**Work order:** Output each line of the listing exactly, though pictures are not to appear.

**Supplied information:**
================
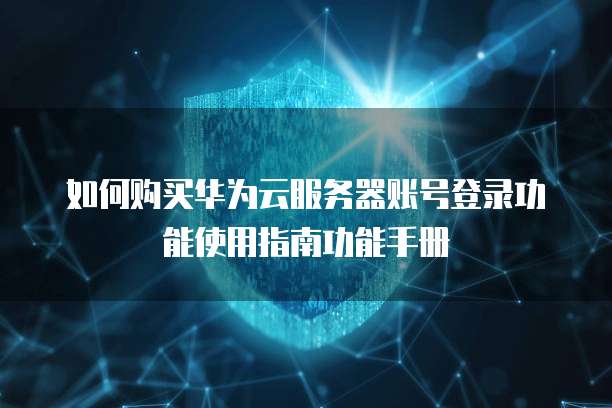 如何购买华为云服务器账号登录功能使用指南功能手册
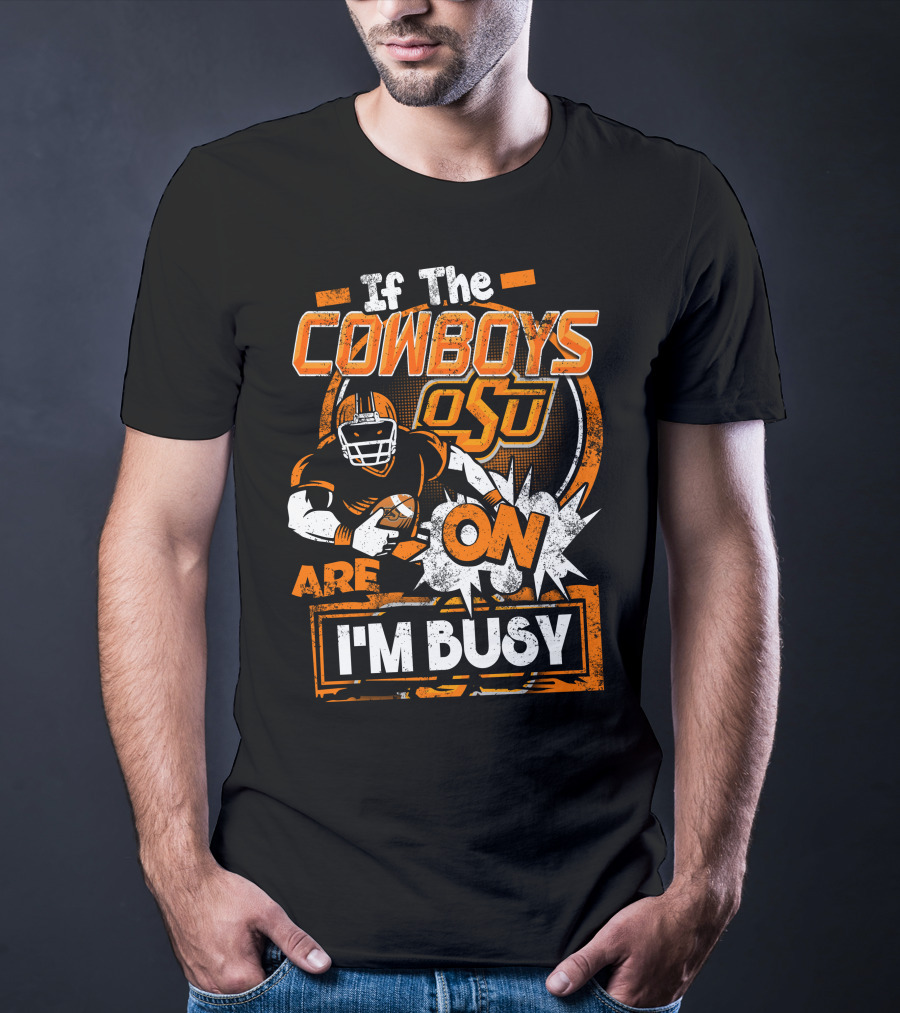 If The Cowboys OSU Are On I'm Busy T-Shirt
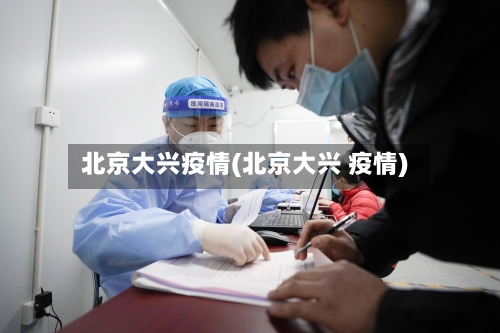 北京大兴疫情(北京大兴 疫情)-第2张图片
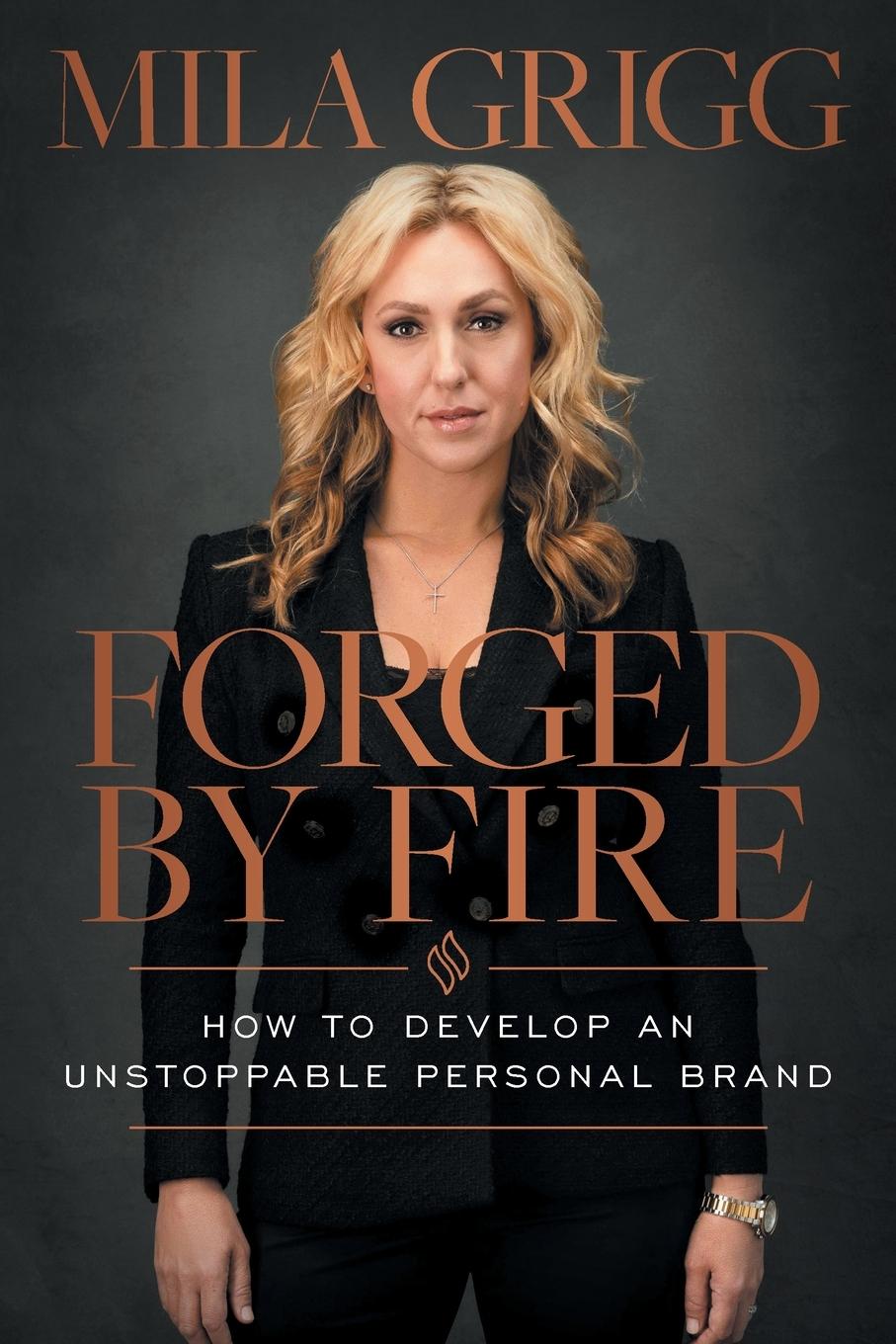 Cover: 9781544530413 | Forged by Fire | How to Develop an Unstoppable Personal Brand | Grigg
================
**Task output:**
 如何购买华为云服务器账号登录功能使用指南功能手册
 If The Cowboys OSU Are On I'm Busy T-Shirt
 北京大兴疫情(北京大兴 疫情)-第2张图片
 Cover: 9781544530413 | Forged by Fire | How to Develop an Unstoppable Personal Brand | Grigg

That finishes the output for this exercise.